19.11.16

L’absente – Lionel Duroy


Depuis son premier roman à succès, « Le chagrin », on sait que Lionel Duroy eut maille à partir avec sa famille. Chaque livre constitue ainsi pour lui une nouvelle étape cathartique, comme autant de séances longues auprès d’un public fidèle dont il a fait un docile et compréhensif psychologue voire psychanalyste.

Il pourrait devenir fâcheux et lassant de subir les cris de la mère, Suzanne, ex grande bourgeoise bordelaise, qu’un malheureux mariage a liée à un homme, Toto, un brin escroc, toujours à cours d’argent, prolifique au point de lui donner dix enfants.
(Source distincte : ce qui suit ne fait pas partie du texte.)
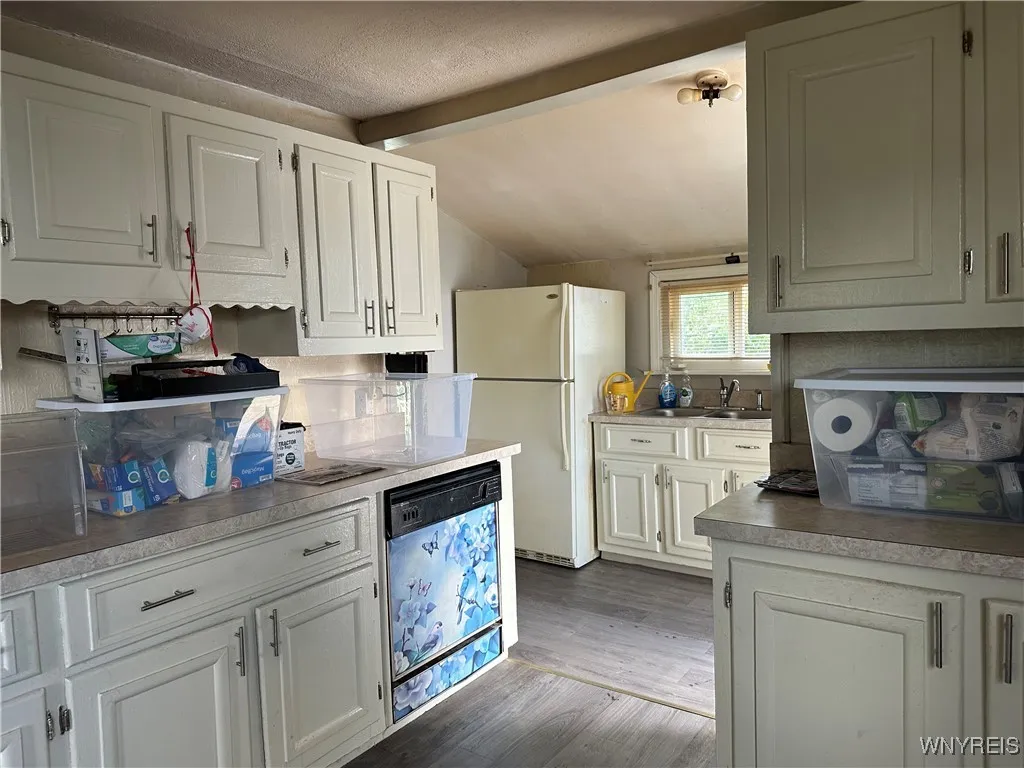 550 Montrose Avenue, Tonawanda, New York 14223, Tonawanda, New York 14223, 3 Bedrooms Bedrooms, 6 Rooms Rooms,2 BathroomsBathrooms,Residential,Closed,550 Montrose Avenue, Tonawanda, New York 14223,0,B1632301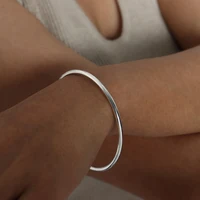 Bracelet rond minimaliste en acier inoxydable pour femme, bracelet de document en or élégant, accessoires pour femmes, bijoux populaires, à la mode 4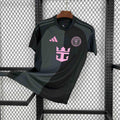 Maillot Inter Miami 25-26 de Le 12 -ème Maillot, vue front avec logo et détails de l'équipe de football.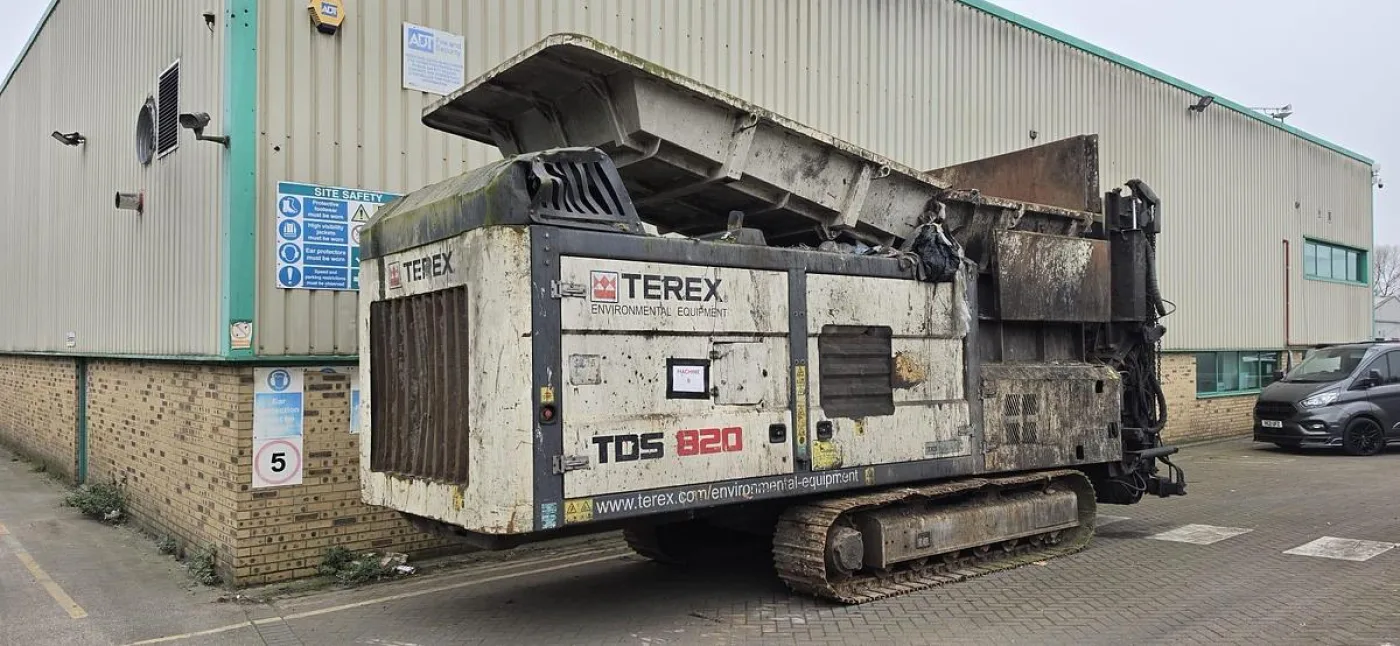 Terex TDS 830 Twin-shaft Slow-speed Shredder - 1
Si bien que les déménagements à la cloche de bois s’enchainent, que de fastueuse au début la vie devient misérable et que le quatrième de la fratrie, Augustin Revel (le double littéraire absolu de l’auteur), n’aura de cesse de fuir cette famille de cinglés en dénonçant une vie détruite dans des romans autobiographiques.

Ce serait sans compter sur le talent de Lionel Duroy pour sans cesse changer de point d’observation afin de mieux tenter de comprendre et de nous faire comprendre à travers les yeux de son avatar, Augustin, pourquoi on reste abîmé, à soixante ans passés, jamais remis d’une enfance insécurisée. Car Augustin est un type carrément à la masse qui, ici, vient de se faire larguer par sa deuxième épouse. Obligé de vendre sa maison pour payer son divorce, il décide de charger son antédiluvienne Peugeot d’un bric-à-brac de photographies, de jouets d’enfants cassés, de classeurs administratifs sans oublier ses deux vélos hors-de-prix, insolites et désuets, témoignages d’une époque cycliste révolue quoiqu’héroïque. Le voici parti sur les routes de France, sans schéma préconçu, répondant à ses seules émotions du moment, parcourant sans logique aucune un pays en tous sens.
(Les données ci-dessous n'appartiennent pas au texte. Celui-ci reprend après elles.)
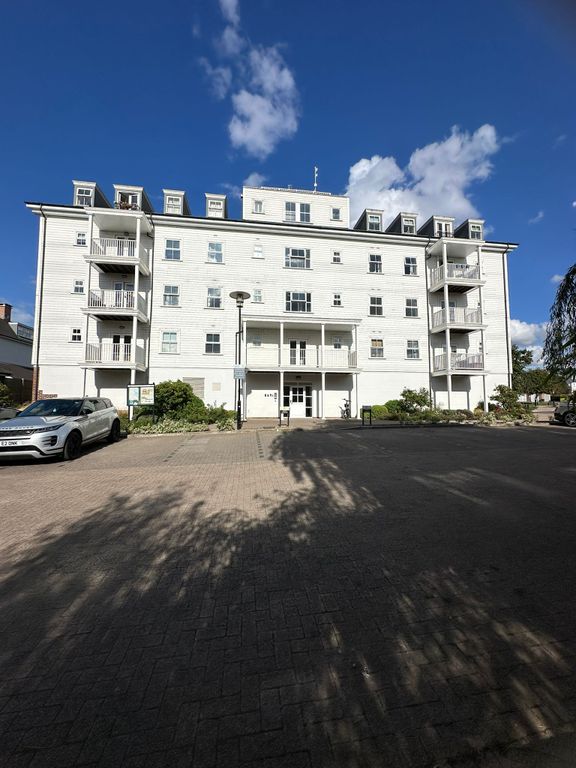 Additional image 2 of 2 bed flat for saleBeaumont Drive, Worcester Park KT4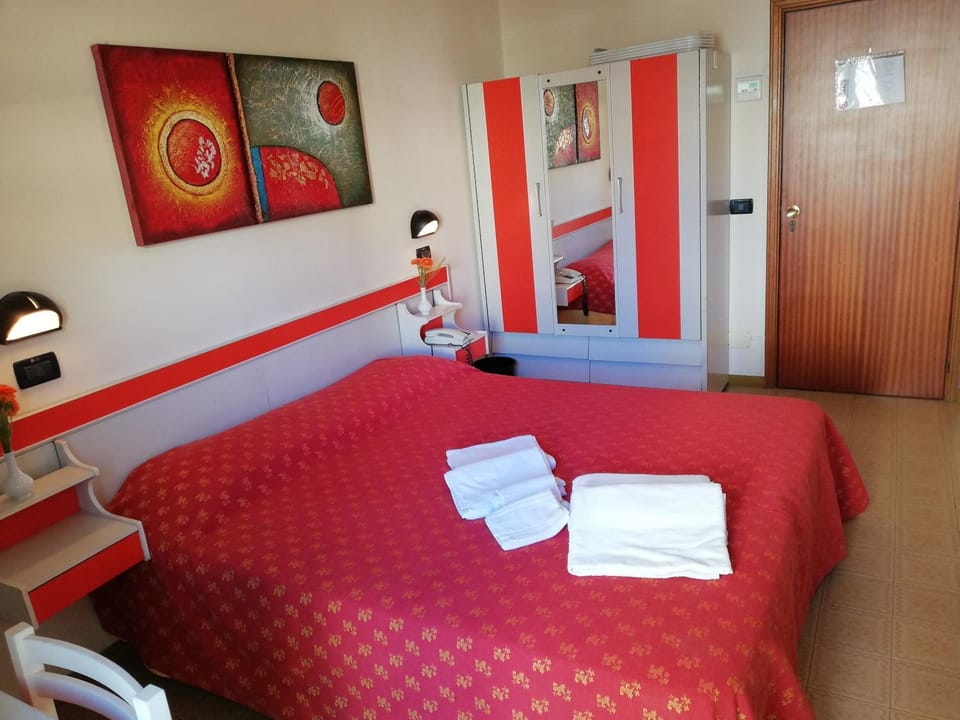 Hotel Devon Rooms & Breakfast Hotel in Cesenatico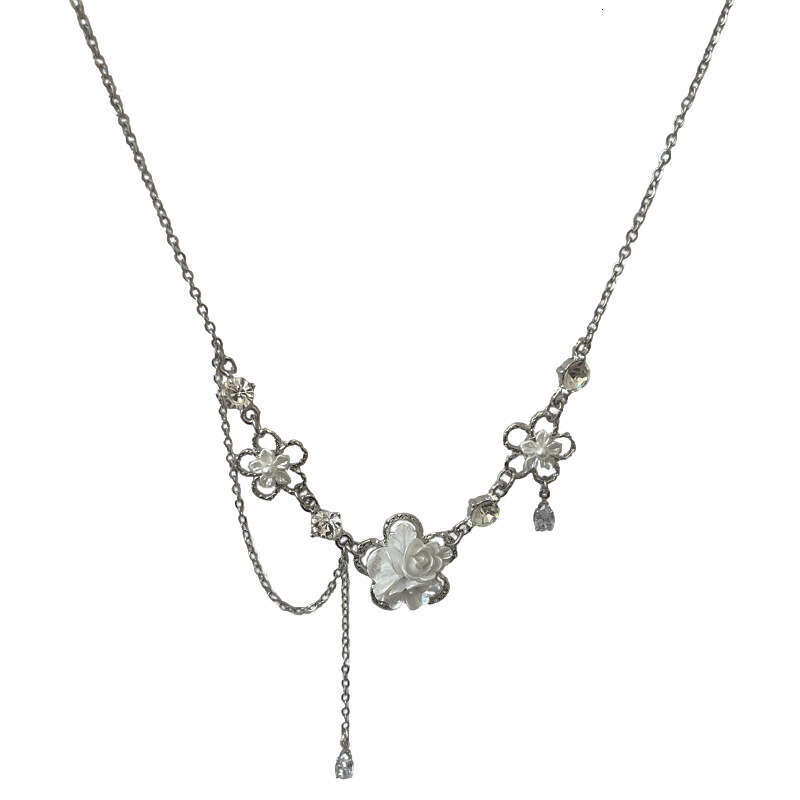 Super Fairy Flower Tassel Necklace For Women Spicy Girl Sweet Cool Light Luxury Clavicle Chain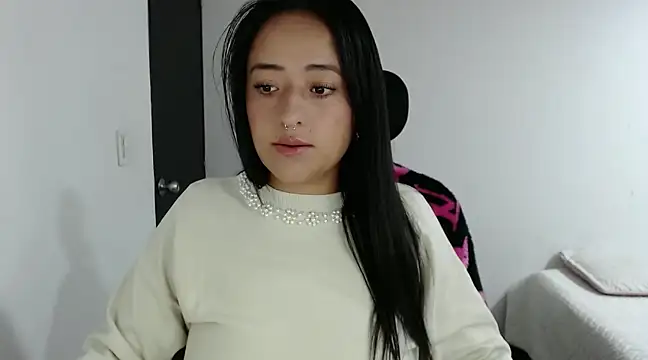 jjulietha95 online show from January 25, 2025, 9:57 am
Tout le schéma de vie d’Augustin semble se résumer à quelques principes. Se marier pour trouver un équilibre et puis cesser de témoigner l’affection à celle qu’on a épousée car il est resté cet enfant malgré lui en mal d’affection de sa mère. Se faire larguer avant de recommencer. Etouffer sa dépression chronique en écrivant des livres traitant exclusivement du sujet familial car il n’y a que l’écriture qui le libère et l’empêche de sombrer. Brutaliser ceux qui l’aiment : ses amantes, ses lecteurs, les membres de la famille car il ne sait pas aimer simplement ni s’aimer lui-même. Réagir à des pulsions incontrôlées, passant d’un sujet à l’autre, n’hésitant pas à descendre en pleine nuit dans un parking pour vider sa voiture afin de retrouver une photo et de s’abîmer dans une contemplation au cours de laquelle s’enchaînent les rêveries. Car mieux vaut le rêve que la conscience d’une réalité insupportable.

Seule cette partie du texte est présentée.